Obama and Netanyahu: An Awkward Photo Op

Obama and Netanyahu: An Awkward Photo Op

If President Barack Obama was hoping that a White House photo opportunity today with Israeli Prime Minister Benjamin Netanyahu would paper over differences between the U.S. and Israel, he must have been sorely disappointed.

President Barack Obama meets with Prime Minister Benjamin Netanyahu of Israel in the Oval Office Friday.  (AP Photo/Charles Dharapak)

He and Mr. Netanyahu spoke with reporters after a two-hour meeting that lasted much longer than originally scheduled. The meeting came a day after Mr. Obama made a major address on the Middle East, angering Israel by calling for peace talks with the Palestinians to be based on Israel’s 1967 borders.

Mr. Obama strained to accentuate the positives – as is customary during such White House photo ops. “We agreed that there’s a moment of opportunity that can be seized as a consequence of the Arab Spring but also acknowledge there are significant perils as well,” he said.

When it was his turn, Mr. Netanyahu  delivered a lengthy and highly unusual lecture in a setting designed to highlight only the most polite political interactions.  Mr. Netanyahu bluntly told Mr. Obama that he would not accept his conditions for reviving peace talks and at one point turned and warned him that “a peace based on illusions will crash eventually on the rocks of Middle Eastern reality.” While he referred to the nations’ “enduring bond of friendship,” he set out to explain exactly how his counterpart was wrong about Mideast peace negotiations.

The two leaders sat side-by-side. Mr. Obama sat back in his chair, somewhat stiffly and mostly looked to the reporters in the room as he spoke. Mr. Netanyahu leaned toward Mr. Obama and looked directly at the president as he expressed disagreement with his newly announced Mideast policy. (The White House transcript of the leaders’ remarks is here.)

Mr. Netanyahu  said that Palestinians “will have to accept some basic realities.” But he might as well have said: “The U.S. is going to have to accept some basic realities.”

First off, he said Israel is not returning to the borders in place before the 1967 Six Day War in which Israel was attacked by its Arab neighbors but emerged from the war having garnered significant new territory. Some of that is the land that will make up a new Palestinian state.

“While Israel is prepared to make generous compromises for peace, it cannot go back to the 1967 lines, because these lines are indefensible,” Mr. Netanyahu told reporters, sitting beside Mr. Obama. “So we can’t go back to those indefensible lines, and we’re going to have to have a long-term military presence along … Jordan.”

In his speech, Mr. Obama had said the issue of Palestinian refugees will have to be worked out, but he didn’t take sides on that question.

Mr.
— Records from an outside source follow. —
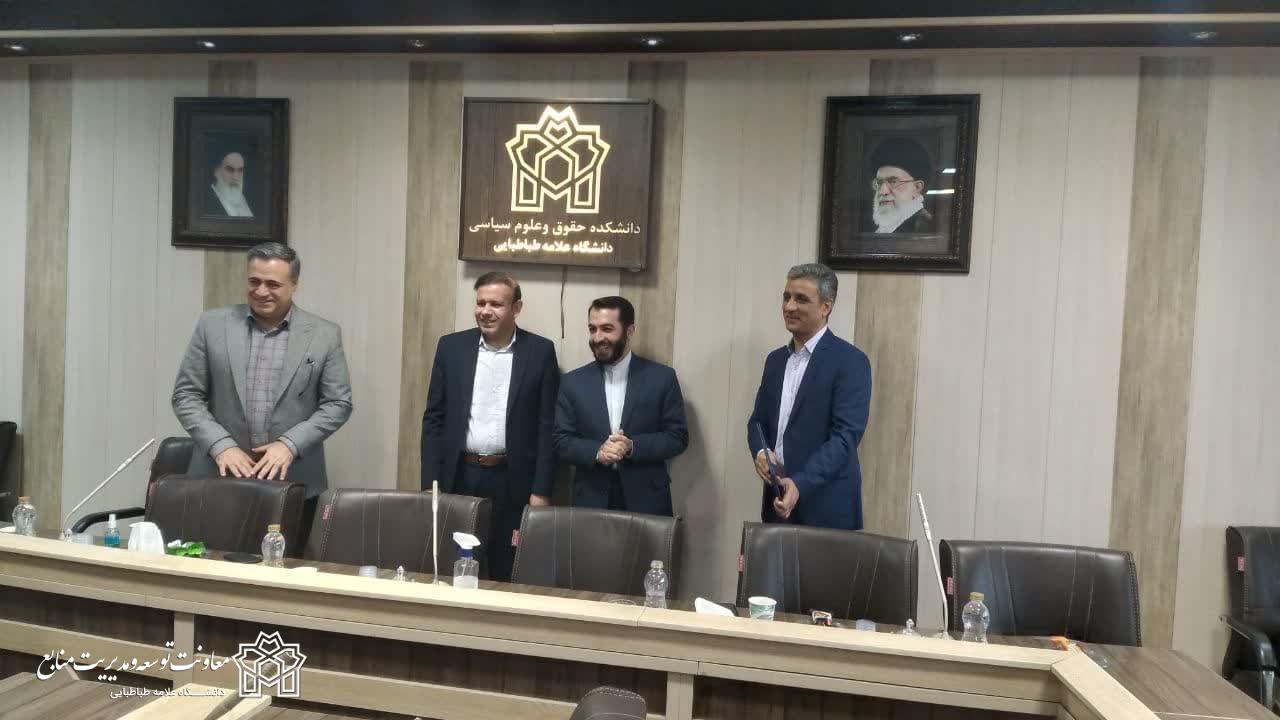 انتصابات جدید در مجموعهٔ امور اداری دانشگاه
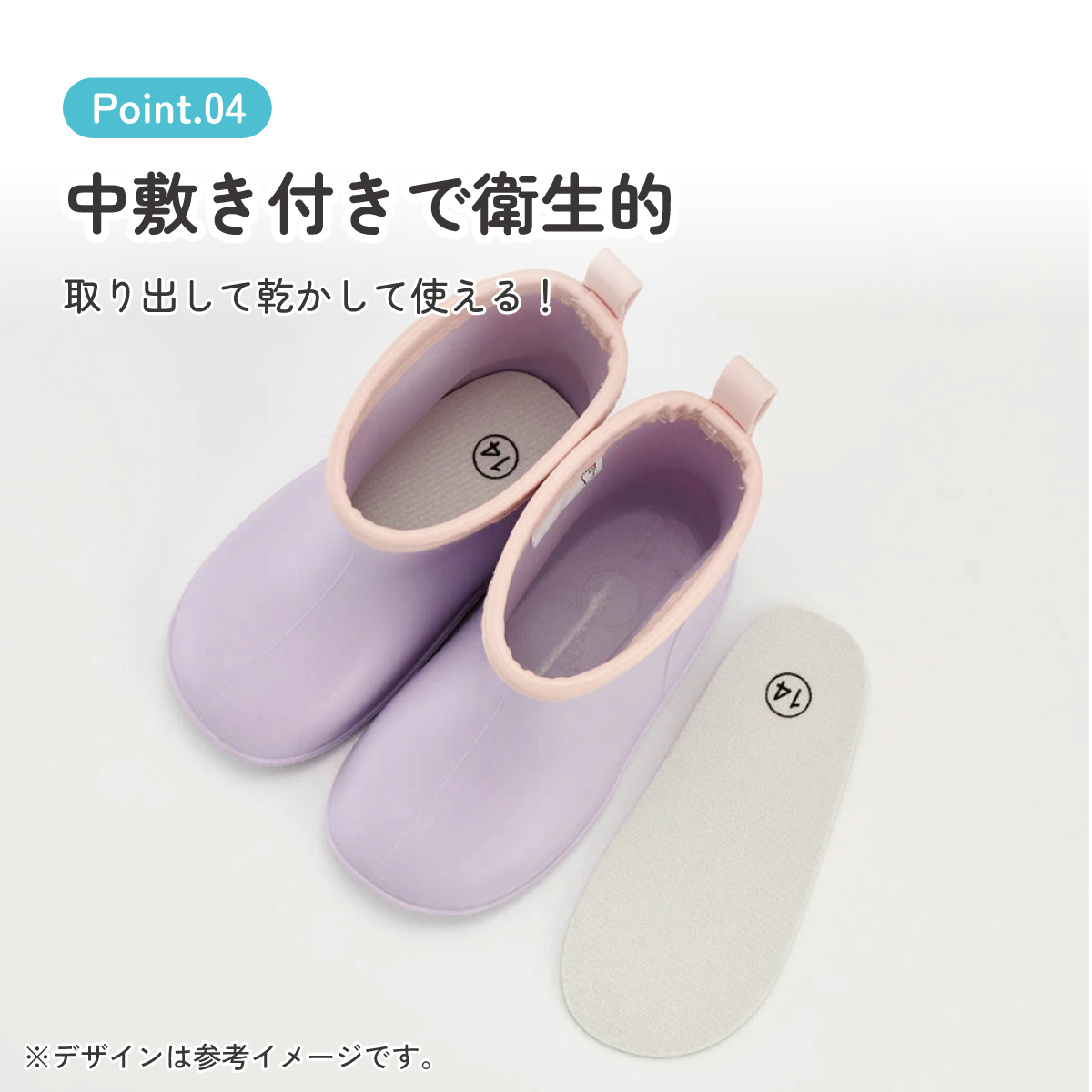 ワッペン 付き レインブーツ 長靴 キッズ 子供 14cm おしゃれ かわいい スケーター skater RIBTW14 Bear Cafe クマ くま 紫 パープル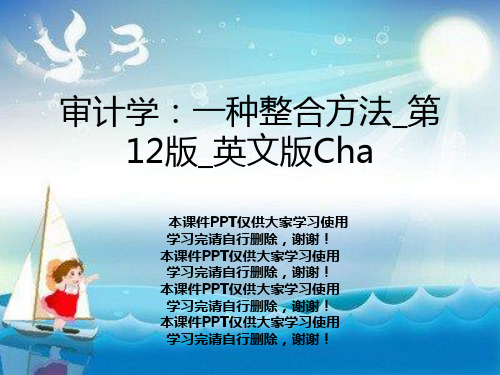 审计学：一种整合方法_第12版_英文版Cha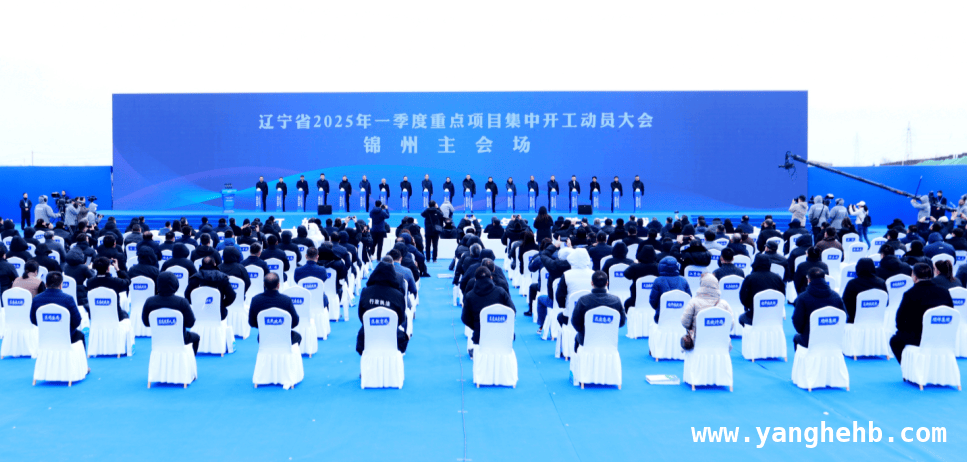 锦州2025一季度项目集中开工，新能源蓝图渐显，辽宁锦州：2025首季项目发力，新能源发展正当时
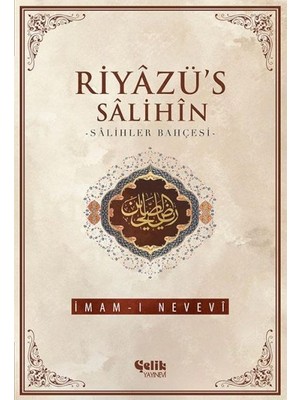 Belirtilmemiş Riyazüs Salihin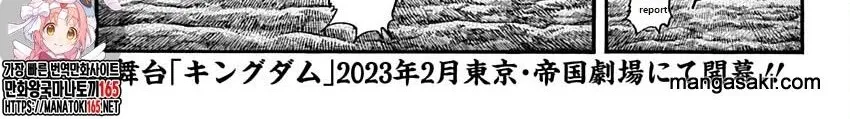 Kingdom Zinmanga X Chapter 741 Page 2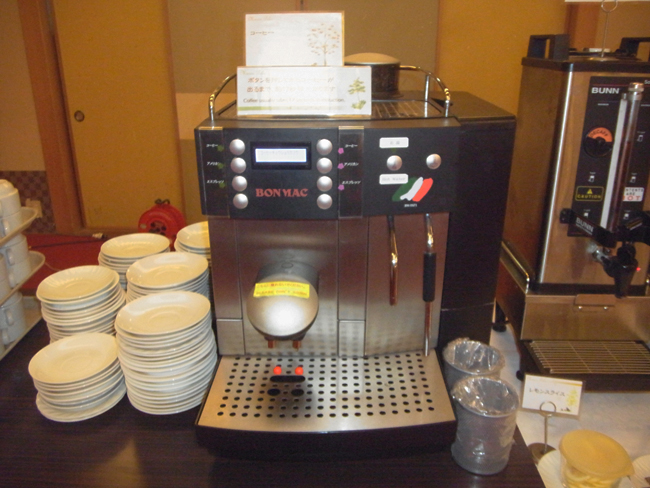 コーヒーサーバー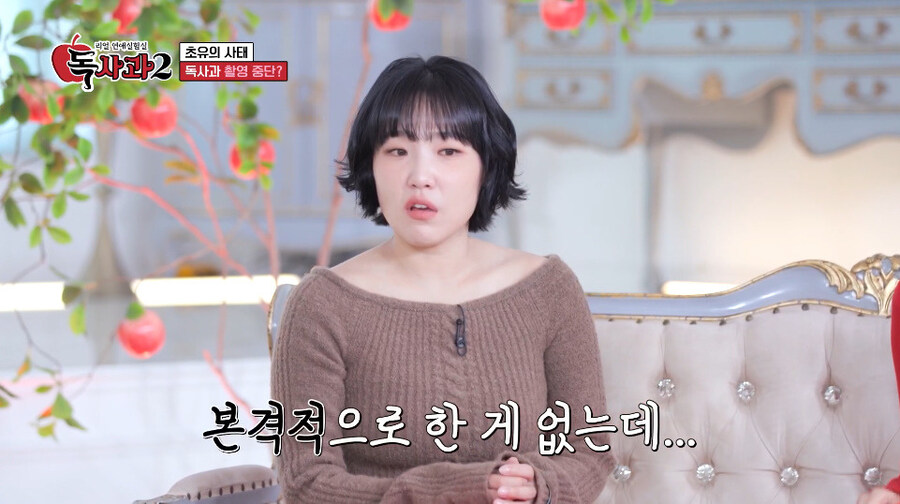 남친 바람 테스트 촬영 중에 바로 손절 때린 여자_20.jpg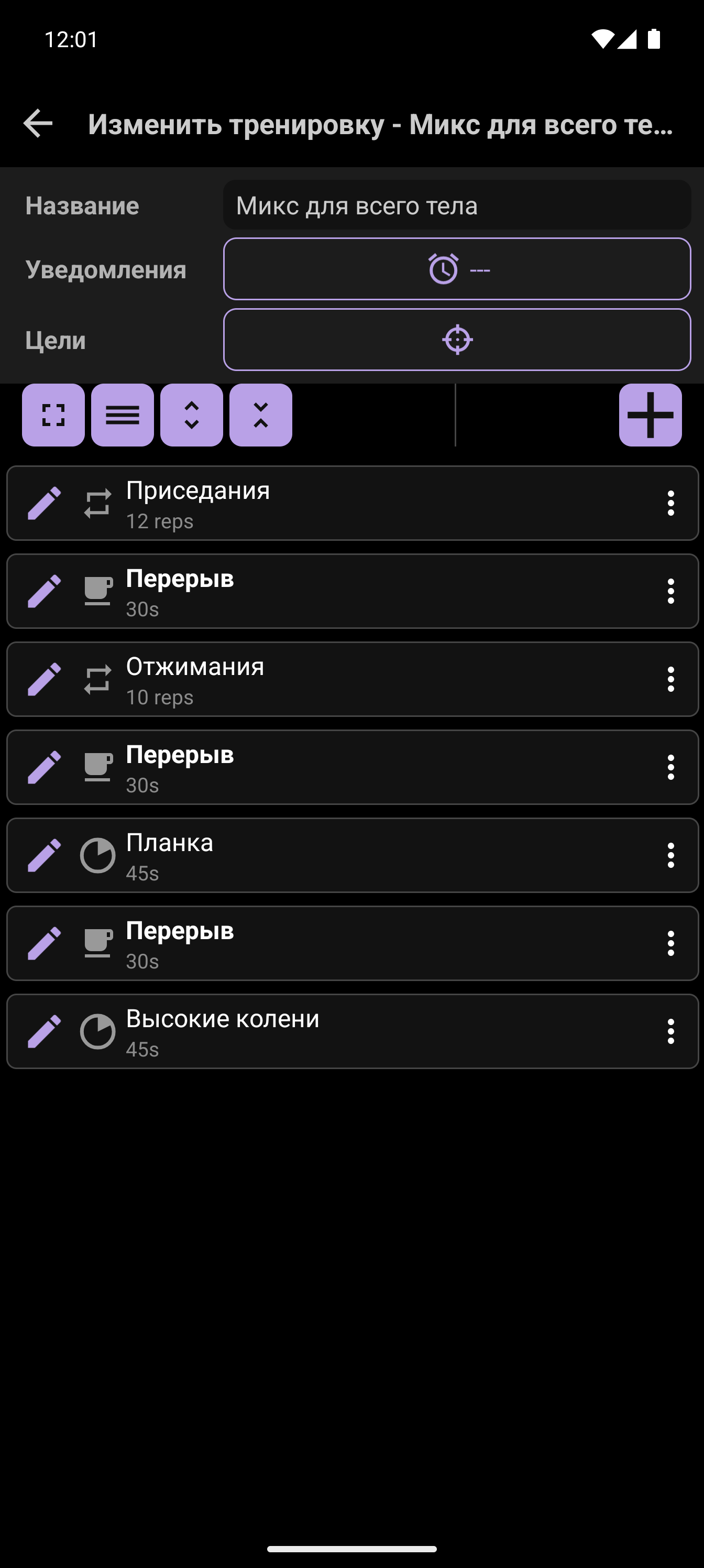 Редактор тренировок CrazyFit: пользовательская тренировка с упражнениями на время и на количество повторений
Netanyahu said it is obvious that the heirs of the Palestinians who were displaced in the 1948 war for Israeli independence are not going to be absorbed into Israel.

“Sixty-three years later, the Palestinians come to us and they say to Israel: accept the grandchildren, really, and the great-grandchildren of these refugees, thereby wiping out Israel’s future as a Jewish state,” he said. “So that’s not going to happen. Everybody knows it’s not going to happen. And I think it’s time to tell the Palestinians forthrightly, it’s not going to happen.”

And he got personal, equating Hamas, one faction within the Palestinian leadership, with al Qaeda. “Hamas has just attacked you, Mr. President, and the United States for ridding the world of bin Laden,” he said, turning to Mr. Obama. “So Israel obviously cannot be asked to negotiate with a government that is backed by the Palestinian version of al Qaeda.”

–Carol E. Lee contributed to this post.